RESULTS: Only 8 studies-1 randomized controlled trial, 4 Case Matched/Controlled Studies and 3 Case Series were identified matching the search criteria. The conversion rate was low (1.2% to 28.1%), anastomotic leak rates were similar to open total mesorectal excision (0%-4.1% vs 0%-8.3%). Only 3 studies reported on local recurrence rates (5.2%-7.6%) at median 34 mo follow-up. A single study described disease free survival and overall survival at 3 years as 78.8% and 92.1% respectively.

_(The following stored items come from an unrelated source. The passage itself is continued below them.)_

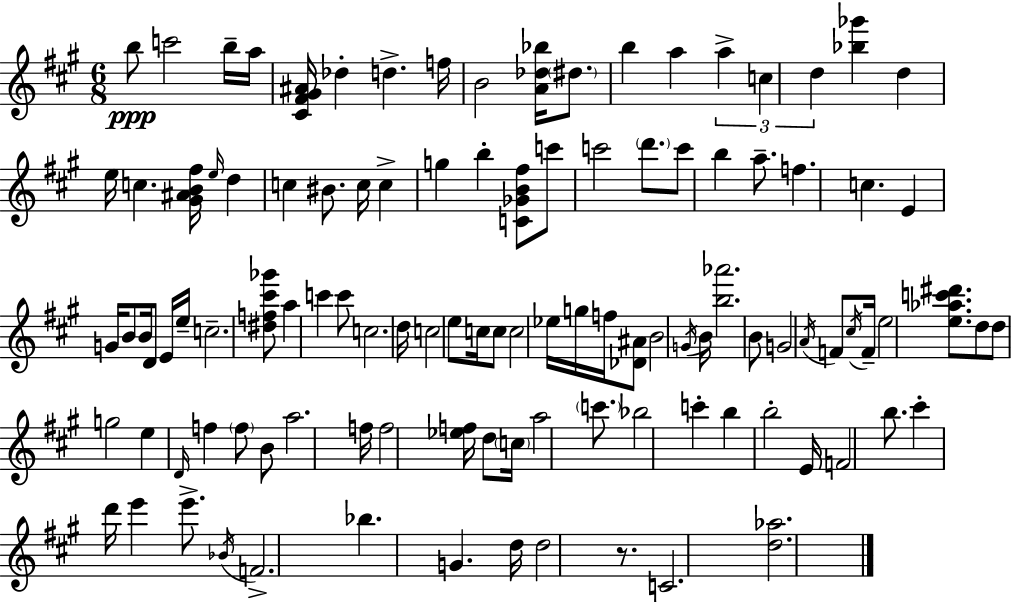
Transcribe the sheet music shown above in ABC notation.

X:1
T:Untitled
M:6/8
L:1/4
K:A
b/2 c'2 b/4 a/4 [^C^F^G^A]/4 _d d f/4 B2 [A_d_b]/4 ^d/2 b a a c d [_b_g'] d e/4 c [^G^AB^f]/4 e/4 d c ^B/2 c/4 c g b [C_GB^f]/2 c'/2 c'2 d'/2 c'/2 b a/2 f c E G/4 B/2 B/4 D/2 E/4 e/4 c2 [^df^c'_g']/2 a c' c'/2 c2 d/4 c2 e/2 c/4 c/2 c2 _e/4 g/4 f/4 [_D^A]/2 B2 G/4 B/4 [b_a']2 B/2 G2 A/4 F/2 ^c/4 F/4 e2 [e_ac'^d']/2 d/2 d/2 g2 e D/4 f f/2 B/2 a2 f/4 f2 [_ef]/4 d/2 c/4 a2 c'/2 _b2 c' b b2 E/4 F2 b/2 ^c' d'/4 e' e'/2 _B/4 F2 _b G d/4 d2 z/2 C2 [d_a]2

CONCLUSION: LTME following LCRT is feasible in experienced hands, with acceptable short term surgical outcomes and with the usual benefits associated with minimally invasive procedures. The long term oncological outcomes of LTME after LCRT appear to be comparable to open procedures but need further investigation.
Core tip: Laparoscopic total mesorectal excision (LTME) following long course chemo-radiotherapy (LCRT) is feasible in experienced hands, with acceptable short term surgical outcomes and with the usual benefits associated with minimally invasive procedures. The long term oncological outcomes of LTME after LCRT appear to be comparable to open procedures but need further investigation.
- Citation: Dhruva Rao PK, Nair MS, Haray PN. Feasibility and oncological outcomes of laparoscopic rectal resection following neo-adjuvant chemo-radiotherapy: A systematic review. World J Surg Proced 2015; 5(1): 147-154
- URL: https://www.wjgnet.com/2219-2832/full/v5/i1/147.htm
- DOI: https://dx.doi.org/10.5412/wjsp.v5.i1.147
Total Mesorectal Excision using an open approach (OTME) is now accepted as the gold standard for treatment rectal cancer[1]. In recent years, since the medical research council United Kingdom trial, neo-adjuvant long course chemo-radiotherapy is being routinely used as a part of treatment of locally advanced mid and low rectal cancers[2]. Laparoscopic rectal resection has been shown to have superior short term outcomes compared to open resections. However, long term oncological results are still debated[3]. In addition, it is generally accepted that laparoscopic low rectal resection and Abdomino-perineal resections (APR) are technically challenging[4].
Most trials comparing laparoscopic and open resections for rectal cancer suggest that laparoscopic rectal resections are technically feasible however, short and long term outcomes in this group are difficult to determine[5,6]. Also, laparoscopic total mesorectal excision (LTME) following neo-adjuvant chemo-radiotherapy (LCRT) is oncologically and technically challenging due to tissue fibrosis and scarring[7].
This systematic review addresses the feasibility and outcome of laparoscopic rectal resection following neo-adjuvant chemo-radiotherapy. There is no level 1 evidence addressing this and to the best of our knowledge there is no structured review of the published literature on this topic.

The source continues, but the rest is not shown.